V8 extras are still a work in progress, and the interface has some rough edges and disadvantages we hope to address over time. The primary area with room for improvement is the debugging story: errors are not easy to track down, and runtime debugging is most often done with print statements. In the future, we hope to integrate V8 extras into Chromium’s developer tools and tracing framework, both for Chromium itself and for any embedders that speak the same protocol.
Another cause for caution when using V8 extras is the extra developer effort required to write secure and robust code. V8 extras code operates directly on the snapshot, just like the code for V8’s self-hosted built-ins. It accesses the same objects as userland JavaScript, with no binding layer or separate context to prevent such access. For example, something as seemingly-simple as
global.Object.prototype.hasOwnProperty.call(obj, 5)
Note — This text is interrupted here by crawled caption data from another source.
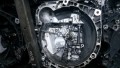 Oto Çıkma Parça / Fiat / Doblo / Şanzıman / Şanzıman Komple / Çıkma Parça 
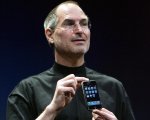  Apple: S�odkie wyniki na kwa�nym rynku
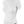 Women's Skin Cooler Short Sleeve Top - Custom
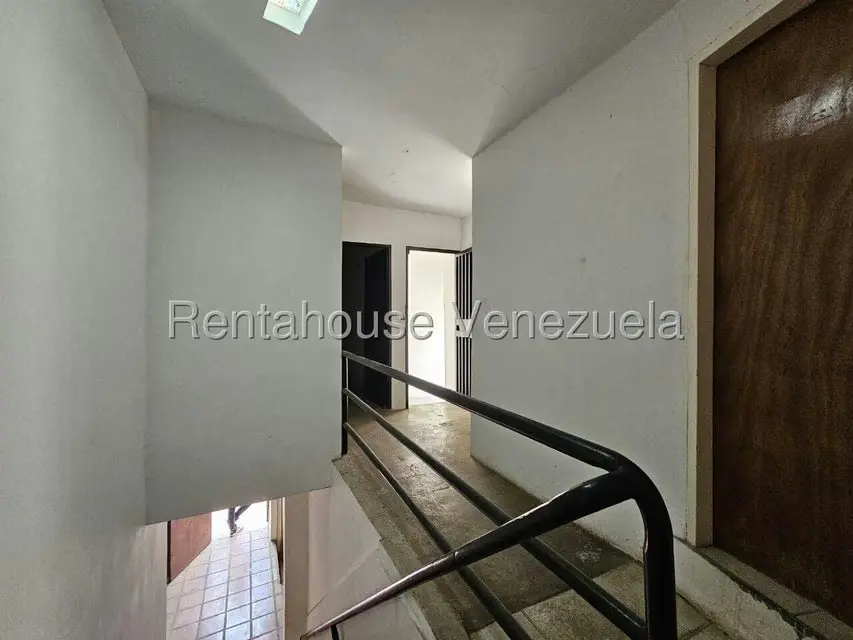 Local Comercial en Venta en El Hatillo, Distrito Metropolitano - 24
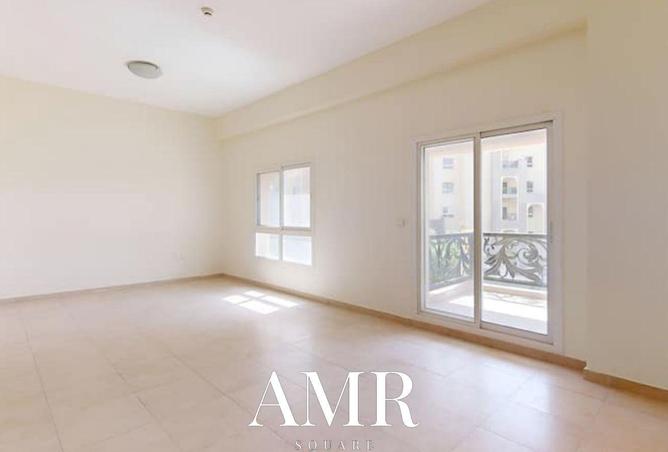 63647709 - صورة العقار 2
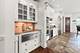 5N155 Prairie Rose, St. Charles, IL 60175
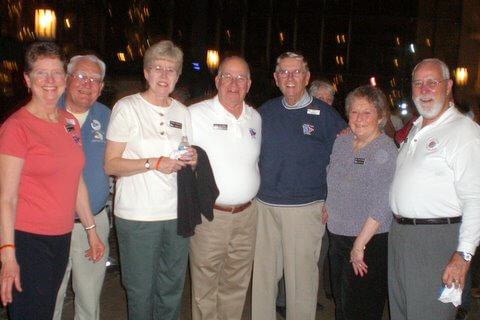 Spring.Conf.2009 011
has six potential ways in which it could fail due to user code modifying the built-ins (count them!). Embedders like Chromium need to be robust against any user code, no matter its behavior, and so in such environments more care is necessary when writing extras than when writing traditional C++-implemented features.If you’d like to learn more about V8 extras, check out our design document which goes into much more detail. We look forward to improving V8 extras, and adding more features that allow developers and embedders to write expressive, high-performance additions to the V8 runtime.